[Items from a data source]
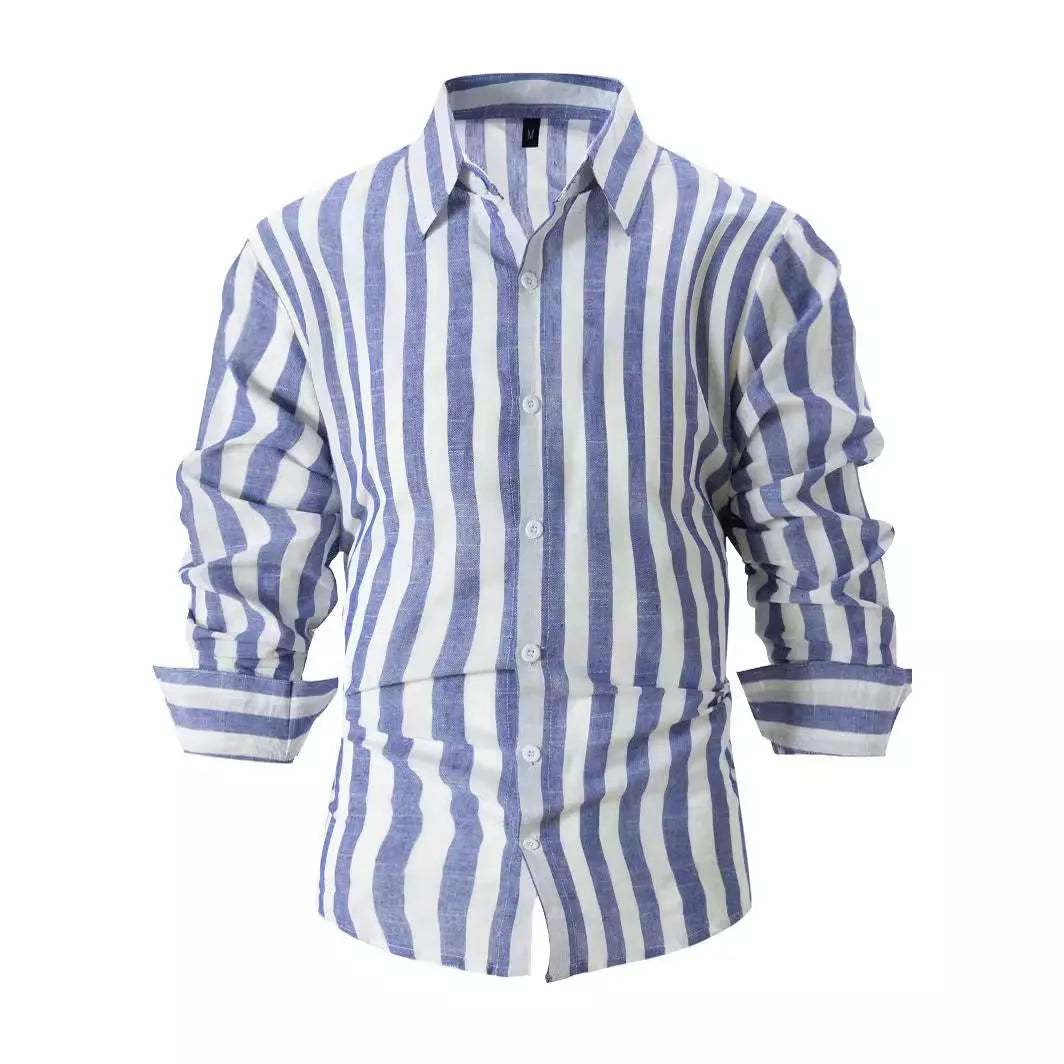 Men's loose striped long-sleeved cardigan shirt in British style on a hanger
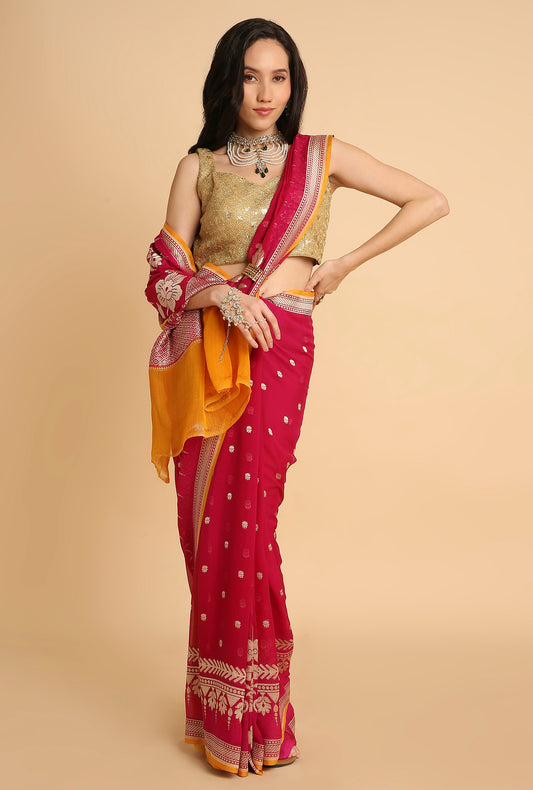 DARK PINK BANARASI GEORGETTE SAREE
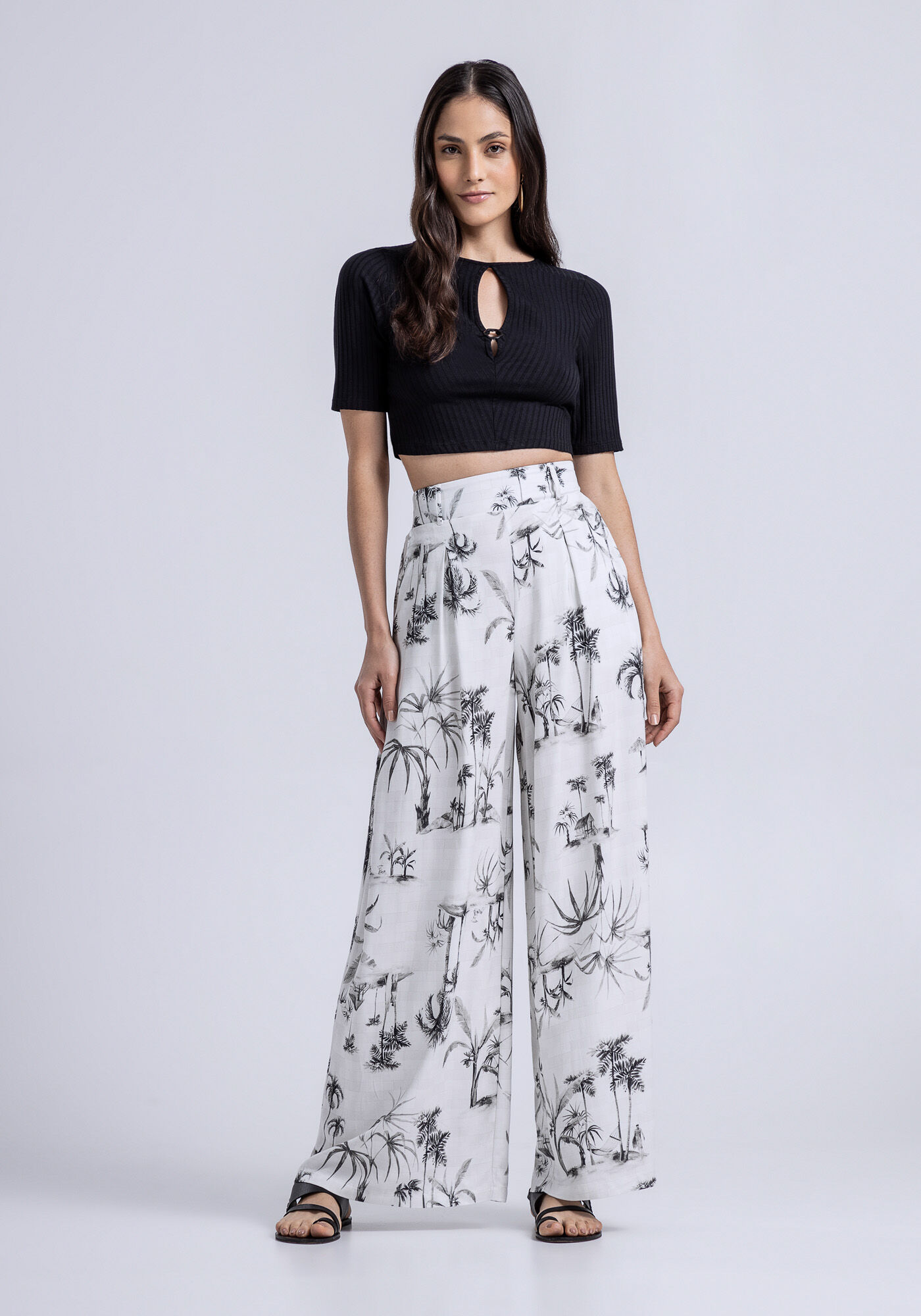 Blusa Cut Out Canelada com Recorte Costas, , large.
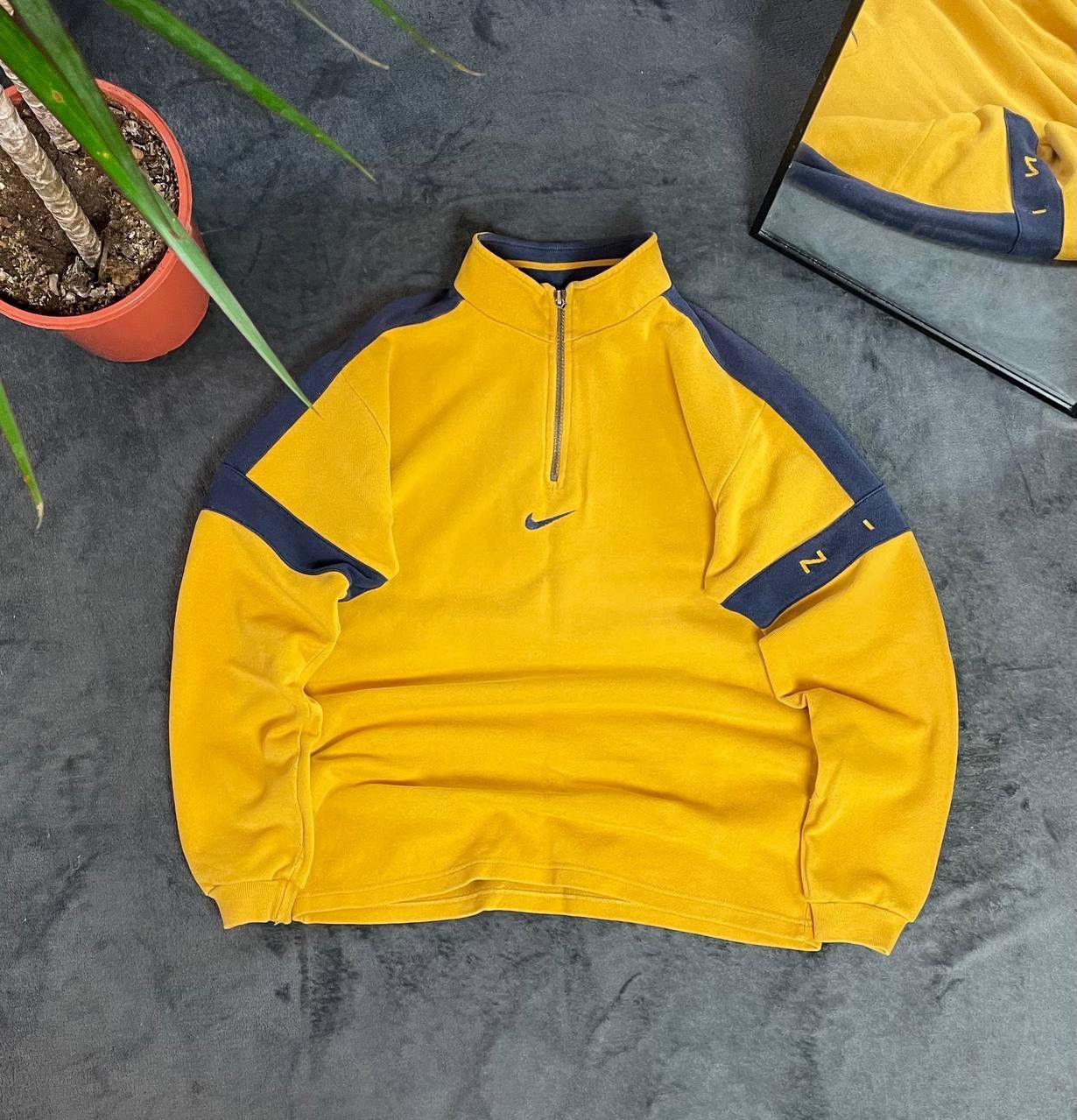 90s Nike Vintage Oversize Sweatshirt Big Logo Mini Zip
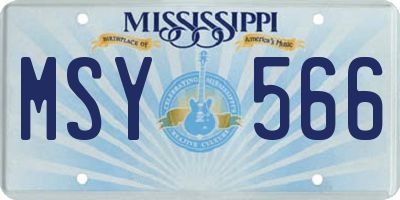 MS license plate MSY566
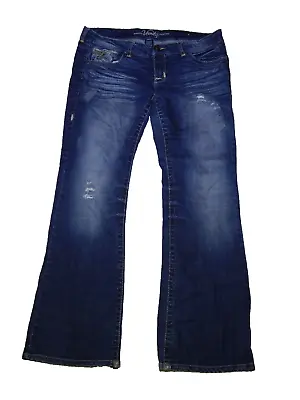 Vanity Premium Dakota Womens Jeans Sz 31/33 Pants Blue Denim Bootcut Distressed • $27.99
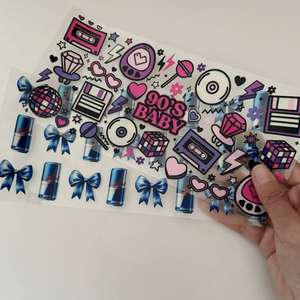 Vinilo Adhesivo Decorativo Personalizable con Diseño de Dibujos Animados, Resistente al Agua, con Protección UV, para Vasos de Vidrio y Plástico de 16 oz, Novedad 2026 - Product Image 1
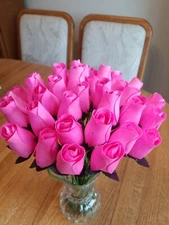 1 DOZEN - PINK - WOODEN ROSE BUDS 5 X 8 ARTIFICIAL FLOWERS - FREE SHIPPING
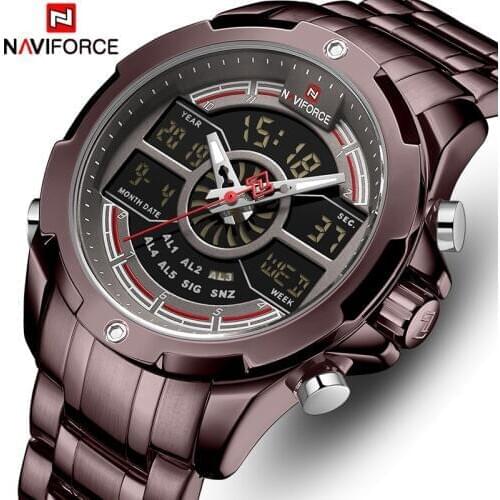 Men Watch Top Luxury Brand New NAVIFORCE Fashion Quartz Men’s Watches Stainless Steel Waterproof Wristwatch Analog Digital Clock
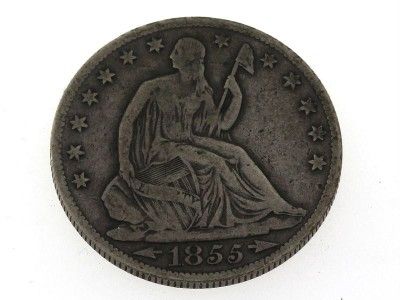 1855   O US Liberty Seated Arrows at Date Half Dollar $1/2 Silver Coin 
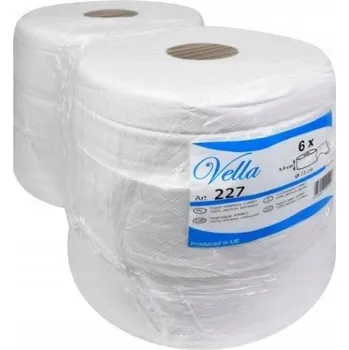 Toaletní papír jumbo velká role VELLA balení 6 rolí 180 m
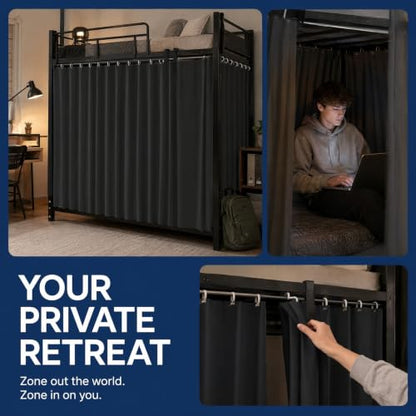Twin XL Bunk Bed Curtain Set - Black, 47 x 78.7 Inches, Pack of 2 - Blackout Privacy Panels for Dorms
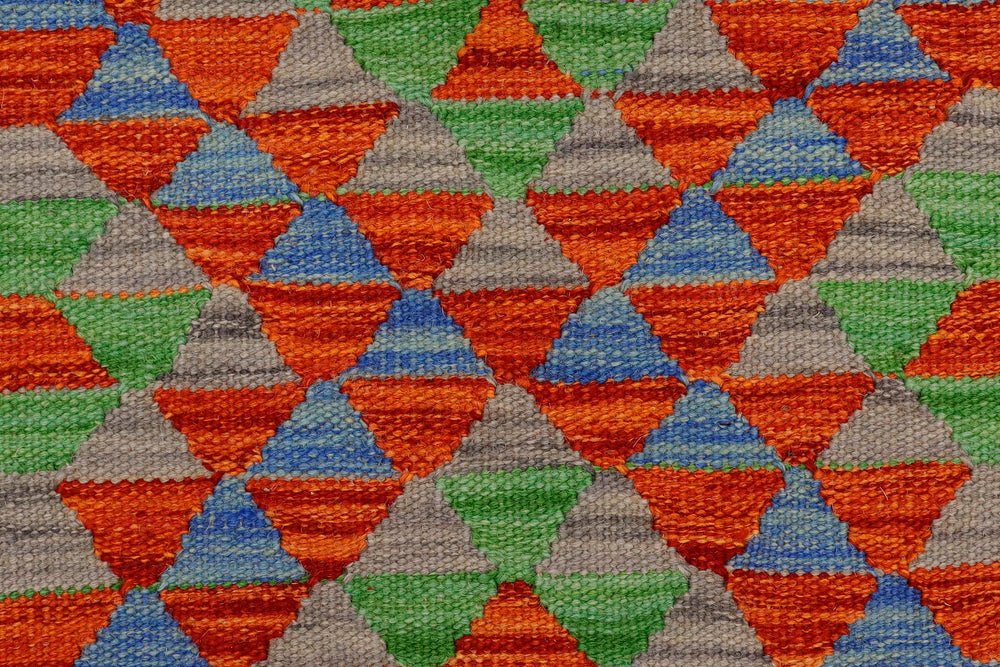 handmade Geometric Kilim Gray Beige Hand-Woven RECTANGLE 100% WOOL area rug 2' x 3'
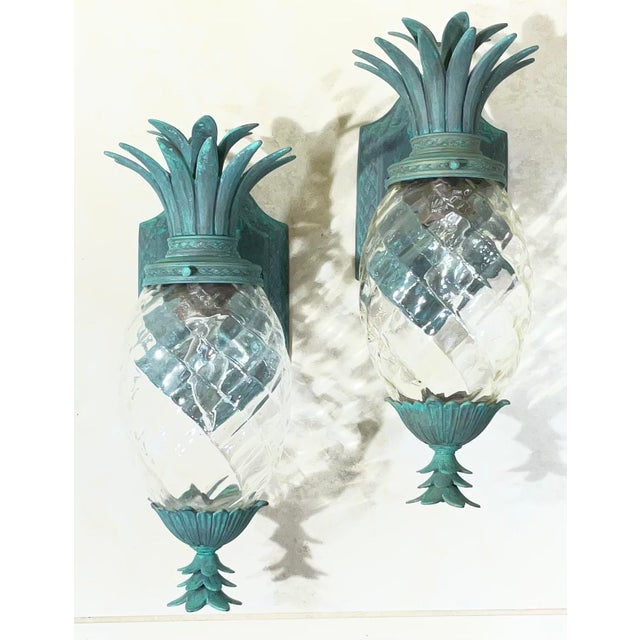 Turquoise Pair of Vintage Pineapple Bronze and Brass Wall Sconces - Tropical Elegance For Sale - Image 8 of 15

## Task to carry out
Give the records again without a single change, and exclude the pictures.

## Written response
 Men's loose striped long-sleeved cardigan shirt in British style on a hanger
 DARK PINK BANARASI GEORGETTE SAREE
 Blusa Cut Out Canelada com Recorte Costas, , large.
 90s Nike Vintage Oversize Sweatshirt Big Logo Mini Zip
 MS license plate MSY566
 Vanity Premium Dakota Womens Jeans Sz 31/33 Pants Blue Denim Bootcut Distressed • $27.99
 Vinilo Adhesivo Decorativo Personalizable con Diseño de Dibujos Animados, Resistente al Agua, con Protección UV, para Vasos de Vidrio y Plástico de 16 oz, Novedad 2026 - Product Image 1
 1 DOZEN - PINK - WOODEN ROSE BUDS 5 X 8 ARTIFICIAL FLOWERS - FREE SHIPPING
 Men Watch Top Luxury Brand New NAVIFORCE Fashion Quartz Men’s Watches Stainless Steel Waterproof Wristwatch Analog Digital Clock
 1855   O US Liberty Seated Arrows at Date Half Dollar $1/2 Silver Coin 
 Toaletní papír jumbo velká role VELLA balení 6 rolí 180 m
Twin XL Bunk Bed Curtain Set - Black, 47 x 78.7 Inches, Pack of 2 - Blackout Privacy Panels for Dorms
 handmade Geometric Kilim Gray Beige Hand-Woven RECTANGLE 100% WOOL area rug 2' x 3'
 Turquoise Pair of Vintage Pineapple Bronze and Brass Wall Sconces - Tropical Elegance For Sale - Image 8 of 15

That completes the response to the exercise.